The goal is to understand what flows the customer is expected to take and which areas of the application are expected to experience higher load and As a result, A clear understanding of these requirements will allow in determining where functions are actually needed and the scope of those functions. it is imperative to work closely with product managers, or anyone else mapping out the goals and user flows of the business logic.
Recursion Is Not A Friend
Recursion is a concept that is integral to computer science, often leading to lower compute and runtime complexities, contributing positively to the “Big O notation” that is sprinkled throughout relevant literature. However, in serverless, recursion can result in unforeseen repercussions, which are exacerbated by its characteristics of scalability, acting inimically in the case of recursion.

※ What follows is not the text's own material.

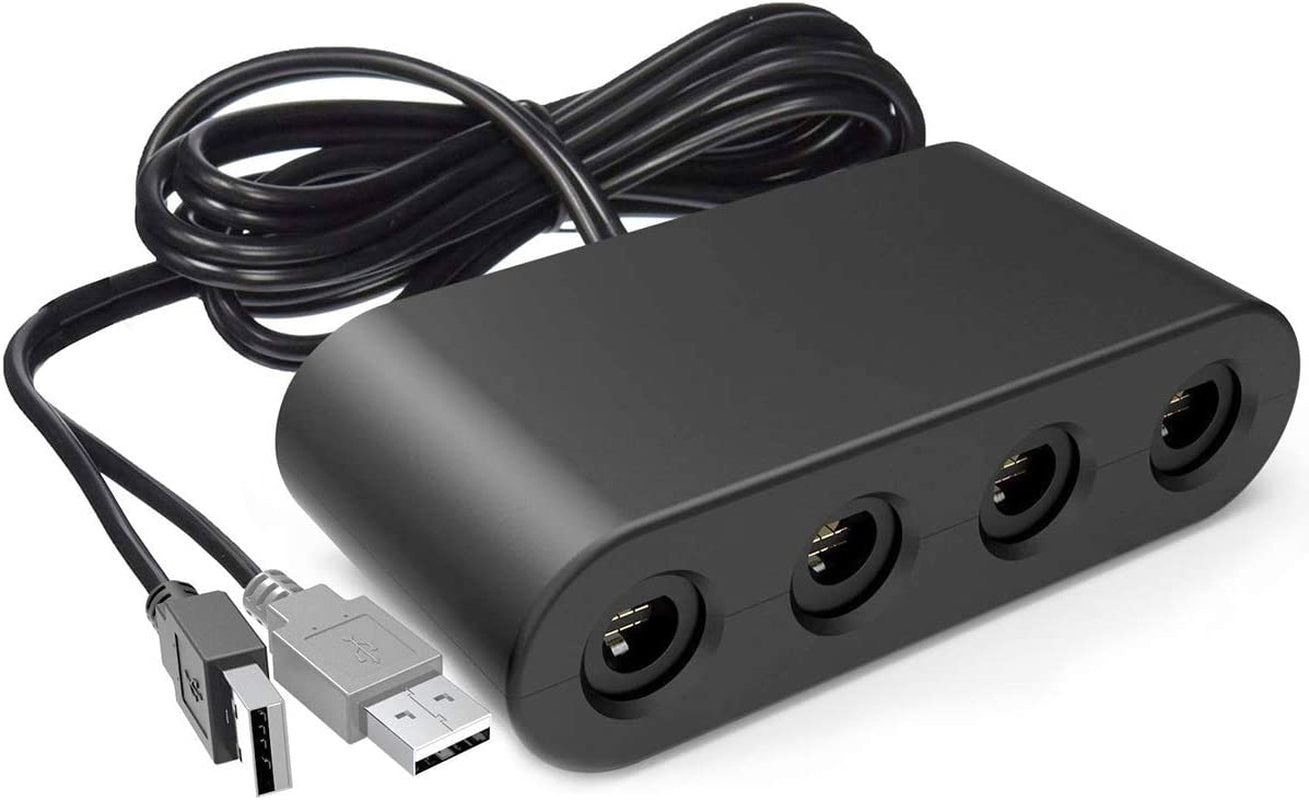 Gamecube Adapter for Nintendo Switch Gamecube Controller Adapter and WII U and PC, Super Smash Bros Gamecube Controller Adapter. Support Turbo and Vibration Features with 180Cm Long Cable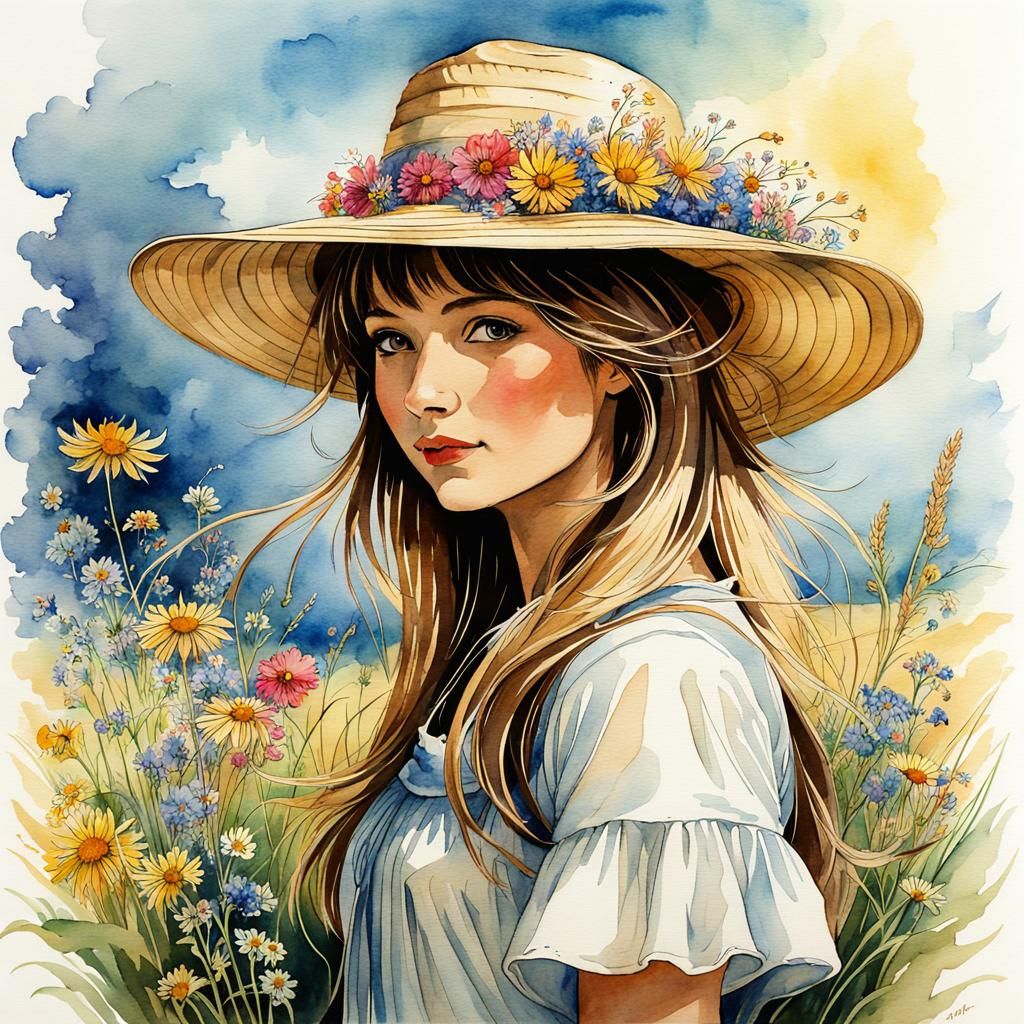 Watercolor Wildflower Hat in Arthur Rackham Style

Especially when the recursive algorithm leads to an infinite loop.
When programming for containers or other CPU centric instances, the core problem lies in maxing out the CPU as recursion loads the processing power. One function, continuously triggering itself which could lead to an exponential burst in the number of functions being triggered in various threads.
When considering serverless, maxing out the CPU instance is not an issue thanks to the concept of auto scalability. Theoretically, an infinite amount of worker nodes can be spun up, scaling to the demands of even the most rigorous recursive algorithms. The problem, however, lies in the cost incurred, as recursive functions would lead to a DoW (Denial on Wallet) attack.
It should be remembered that with serverless, compute power is not the concern of billing, invocations, and runtimes are. As a result, recursion could very easily lead to an explosion on the costs charged by the cloud vendor, acting counter-intuitively to the benefit of cost-effectiveness wiring the option in favor of serverless in the first place.
The obvious solution is to be aware of recursive algorithms in the codebase when building serverless applications. However, there may be some applications that still require recursive operations. For example, in the applications of machine learning, it would be beneficial to train a model repetitively until a certain accuracy is reached on the training data or validation data. The question, however, is how many recursions can be afforded?
The biggest threat with recursive functions is, as mentioned, the possibility of an infinite loop is created. In most cases, this is an unintended behavior as no application aims for infinite loops. Therefore, if recursion is absolutely needed, ensure rigorous testing to avoid the problem altogether.
Furthermore, you may also pass data between your functions to keep a recursion count and use it to have fail-safe switches in order to stop the running function when the recursion count reaches a certain number. This would allow the system to be aware of the number of times recursion occurs and also allow a configurable limit that can be changed over time keeping in mind cost and other factors of your serverless application.
Serverless definitely is revolutionizing how applications are built in the cloud. However, with this new model and architecture, comes its own unique antipatterns.
If not careful, it is relatively easy to fall for these antipatterns, whitewashing all the benefits gained by choosing serverless in the first place. In fact, depending on the severity of the problem, a serverless architecture could prove more harmful than beneficial to the business application.
Nevertheless, the benefits of the technology strongly promote its adoption. Hence the strong adoption rates have been seen through the cloud community over the years. It is therefore necessary to be actively aware of how software is being built with serverless, keeping an eye out for antipatterns. After all, as the great saying goes, with great power comes great responsibility!